Boards and commissions are groups of people usually defined by legislation to assist legislators in making decisions or regulate an industry.
A "position" is an umbrella term used to describe a group of seats available on a board or commission. Often the group has similar requirements, for example a board may need four doctors, in which case the position would be called "doctor" and the seats might be called "doctor #1, doctor #2, doctor #3, doctor #4".
When you apply, you apply for a position and are automatically considered for any seat within that position that is currently available. Not all seats are appointed by the same appointing authority. A single position can have seats appointed by more than one appointing authority.
An "open appointment" or "open position" (also called "vacancies") refer to any position on a board or commission that is in need of a new member. This may be because the person who has held that position has stepped down, or their term may have ended, or, the position is on a new board or commission.

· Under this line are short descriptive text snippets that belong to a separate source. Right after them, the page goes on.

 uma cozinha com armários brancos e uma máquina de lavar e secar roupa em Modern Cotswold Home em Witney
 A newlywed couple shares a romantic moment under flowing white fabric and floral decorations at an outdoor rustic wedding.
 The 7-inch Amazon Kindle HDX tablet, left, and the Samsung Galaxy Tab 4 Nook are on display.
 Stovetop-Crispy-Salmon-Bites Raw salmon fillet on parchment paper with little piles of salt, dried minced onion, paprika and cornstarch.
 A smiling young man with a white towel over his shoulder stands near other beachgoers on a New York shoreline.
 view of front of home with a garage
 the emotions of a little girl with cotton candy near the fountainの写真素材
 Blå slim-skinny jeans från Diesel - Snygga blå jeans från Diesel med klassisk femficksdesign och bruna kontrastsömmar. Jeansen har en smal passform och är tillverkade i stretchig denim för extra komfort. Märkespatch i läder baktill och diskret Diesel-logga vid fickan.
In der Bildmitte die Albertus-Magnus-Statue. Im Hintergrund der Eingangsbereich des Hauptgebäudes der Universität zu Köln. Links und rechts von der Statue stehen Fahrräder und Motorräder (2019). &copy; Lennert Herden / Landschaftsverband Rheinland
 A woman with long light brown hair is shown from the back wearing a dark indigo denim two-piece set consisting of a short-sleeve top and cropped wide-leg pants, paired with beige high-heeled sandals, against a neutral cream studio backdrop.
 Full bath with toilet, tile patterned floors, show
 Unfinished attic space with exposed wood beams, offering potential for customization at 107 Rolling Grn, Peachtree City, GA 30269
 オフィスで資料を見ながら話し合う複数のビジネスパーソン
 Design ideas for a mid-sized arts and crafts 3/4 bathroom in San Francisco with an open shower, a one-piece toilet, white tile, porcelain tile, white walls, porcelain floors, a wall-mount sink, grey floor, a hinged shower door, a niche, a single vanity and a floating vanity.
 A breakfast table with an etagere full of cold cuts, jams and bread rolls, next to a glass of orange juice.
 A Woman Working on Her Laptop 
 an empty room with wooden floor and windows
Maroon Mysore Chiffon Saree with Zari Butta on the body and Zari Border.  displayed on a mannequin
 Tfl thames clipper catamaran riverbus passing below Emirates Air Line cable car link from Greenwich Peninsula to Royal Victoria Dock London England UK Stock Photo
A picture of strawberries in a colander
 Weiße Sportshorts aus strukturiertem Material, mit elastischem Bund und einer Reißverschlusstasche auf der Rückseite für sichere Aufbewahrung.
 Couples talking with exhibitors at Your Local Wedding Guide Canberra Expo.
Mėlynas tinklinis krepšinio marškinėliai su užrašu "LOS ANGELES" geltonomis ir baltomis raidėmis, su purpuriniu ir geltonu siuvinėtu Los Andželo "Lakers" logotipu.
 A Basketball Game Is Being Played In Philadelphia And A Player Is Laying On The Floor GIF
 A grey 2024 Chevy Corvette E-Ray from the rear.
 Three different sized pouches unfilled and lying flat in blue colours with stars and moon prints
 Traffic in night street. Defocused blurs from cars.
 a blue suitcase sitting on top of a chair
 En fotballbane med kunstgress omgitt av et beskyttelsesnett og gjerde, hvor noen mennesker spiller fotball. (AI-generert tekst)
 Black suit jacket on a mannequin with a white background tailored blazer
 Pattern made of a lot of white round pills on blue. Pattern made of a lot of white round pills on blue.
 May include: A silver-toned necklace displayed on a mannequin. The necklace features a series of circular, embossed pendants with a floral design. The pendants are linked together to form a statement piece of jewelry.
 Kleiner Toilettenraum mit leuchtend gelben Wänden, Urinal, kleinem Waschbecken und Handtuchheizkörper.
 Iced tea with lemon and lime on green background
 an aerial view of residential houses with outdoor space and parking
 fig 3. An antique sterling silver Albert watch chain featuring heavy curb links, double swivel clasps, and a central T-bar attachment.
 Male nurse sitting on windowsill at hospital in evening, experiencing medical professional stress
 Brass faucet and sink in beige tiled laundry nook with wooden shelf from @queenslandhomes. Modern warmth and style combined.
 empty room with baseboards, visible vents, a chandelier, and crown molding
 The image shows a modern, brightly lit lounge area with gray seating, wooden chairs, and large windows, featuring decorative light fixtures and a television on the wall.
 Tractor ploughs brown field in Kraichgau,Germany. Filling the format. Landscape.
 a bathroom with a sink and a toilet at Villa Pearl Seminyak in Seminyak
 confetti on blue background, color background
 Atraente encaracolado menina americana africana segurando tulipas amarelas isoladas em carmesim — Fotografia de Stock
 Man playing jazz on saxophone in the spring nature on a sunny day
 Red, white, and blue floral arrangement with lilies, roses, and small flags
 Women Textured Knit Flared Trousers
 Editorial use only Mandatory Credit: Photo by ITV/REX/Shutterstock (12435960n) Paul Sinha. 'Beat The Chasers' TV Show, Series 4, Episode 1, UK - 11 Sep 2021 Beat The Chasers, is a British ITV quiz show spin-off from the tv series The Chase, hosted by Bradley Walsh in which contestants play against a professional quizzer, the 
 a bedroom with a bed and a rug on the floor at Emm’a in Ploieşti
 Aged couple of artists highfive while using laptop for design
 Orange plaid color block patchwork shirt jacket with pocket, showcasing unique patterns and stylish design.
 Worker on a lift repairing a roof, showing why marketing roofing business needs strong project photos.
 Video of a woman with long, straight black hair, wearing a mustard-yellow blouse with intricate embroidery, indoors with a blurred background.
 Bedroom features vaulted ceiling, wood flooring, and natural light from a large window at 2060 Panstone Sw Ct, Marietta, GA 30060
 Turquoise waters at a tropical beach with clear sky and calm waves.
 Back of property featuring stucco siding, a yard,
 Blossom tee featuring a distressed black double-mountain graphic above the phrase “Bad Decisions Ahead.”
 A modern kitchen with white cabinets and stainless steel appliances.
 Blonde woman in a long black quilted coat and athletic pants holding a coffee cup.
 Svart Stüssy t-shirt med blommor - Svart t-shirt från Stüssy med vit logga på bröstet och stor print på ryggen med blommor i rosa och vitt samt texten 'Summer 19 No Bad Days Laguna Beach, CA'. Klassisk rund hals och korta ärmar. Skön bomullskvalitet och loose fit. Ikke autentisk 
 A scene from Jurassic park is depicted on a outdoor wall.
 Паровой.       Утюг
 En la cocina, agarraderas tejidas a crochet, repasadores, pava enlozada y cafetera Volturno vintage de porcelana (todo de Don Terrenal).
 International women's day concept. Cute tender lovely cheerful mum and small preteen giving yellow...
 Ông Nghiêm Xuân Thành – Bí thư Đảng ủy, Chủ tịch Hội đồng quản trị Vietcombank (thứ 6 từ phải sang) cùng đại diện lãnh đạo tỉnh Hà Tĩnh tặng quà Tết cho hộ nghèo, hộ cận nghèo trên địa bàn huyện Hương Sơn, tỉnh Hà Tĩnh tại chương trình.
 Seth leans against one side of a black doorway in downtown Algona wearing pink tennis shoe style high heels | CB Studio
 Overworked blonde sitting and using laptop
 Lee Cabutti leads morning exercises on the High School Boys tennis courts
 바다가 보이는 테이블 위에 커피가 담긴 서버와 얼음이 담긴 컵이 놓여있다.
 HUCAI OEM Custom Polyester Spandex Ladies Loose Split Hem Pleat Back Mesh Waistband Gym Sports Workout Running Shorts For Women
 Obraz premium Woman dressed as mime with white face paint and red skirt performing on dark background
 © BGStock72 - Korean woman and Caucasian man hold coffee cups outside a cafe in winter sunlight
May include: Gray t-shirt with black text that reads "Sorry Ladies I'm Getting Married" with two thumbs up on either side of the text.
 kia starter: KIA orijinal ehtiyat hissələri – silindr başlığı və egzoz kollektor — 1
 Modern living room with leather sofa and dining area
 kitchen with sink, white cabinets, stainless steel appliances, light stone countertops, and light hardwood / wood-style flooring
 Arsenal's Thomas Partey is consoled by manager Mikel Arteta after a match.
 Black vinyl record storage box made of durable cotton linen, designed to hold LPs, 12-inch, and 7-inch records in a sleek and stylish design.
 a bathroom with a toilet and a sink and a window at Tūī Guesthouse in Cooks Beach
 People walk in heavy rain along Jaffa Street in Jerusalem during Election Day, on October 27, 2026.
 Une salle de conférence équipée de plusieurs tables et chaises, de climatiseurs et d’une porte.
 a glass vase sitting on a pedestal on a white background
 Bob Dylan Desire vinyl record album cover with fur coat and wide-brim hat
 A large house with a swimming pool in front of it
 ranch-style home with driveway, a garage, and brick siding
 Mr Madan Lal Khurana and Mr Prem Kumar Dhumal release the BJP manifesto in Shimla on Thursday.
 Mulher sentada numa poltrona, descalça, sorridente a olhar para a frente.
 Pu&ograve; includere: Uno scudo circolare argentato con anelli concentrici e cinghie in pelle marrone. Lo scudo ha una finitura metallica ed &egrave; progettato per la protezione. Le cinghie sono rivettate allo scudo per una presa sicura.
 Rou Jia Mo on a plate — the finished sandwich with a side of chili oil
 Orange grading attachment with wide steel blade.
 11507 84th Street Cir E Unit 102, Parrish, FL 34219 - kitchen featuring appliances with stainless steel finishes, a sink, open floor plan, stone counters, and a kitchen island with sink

You can apply for any "open position" using the Boards & Commission website by see which positions are open.
A "term" refers to the amount of time a person spends as a member of a board or commission. Typically terms are 2 years.
The "status" of a seat is referring to how close that seat is to nearing the member's end of term, or if it is open, if an appointment has been made yet.
The "publish date" of an open appointment/position refers to when the open position became available to the public for application. Open positions are published every month on the first Monday of the month. No appointment can be made until 30 days after the publish date.
The appointing authority is the person that is responsible for deciding who is appointed to a seat. Usually this is a role, such as the Governor, Senate Majority Leader, Commissioner of Commerce, etc. not a specific individual. There are 50+ current appointing authorities. By going to the Appointing Authority page you can see a list of all appointing authorities, and, by clicking their title, you can see the people they appointed.
Many boards and commissions are too small or meet too irregularly to have their own staff. In such cases there is a governmental agency that supports the board in the appointment process. These are called "Supporting Entities"
Most boards and commissions are established by a legislative act. You can find more information about the legislation that initiated the board or commission by reading the statute that enabled the board or commission.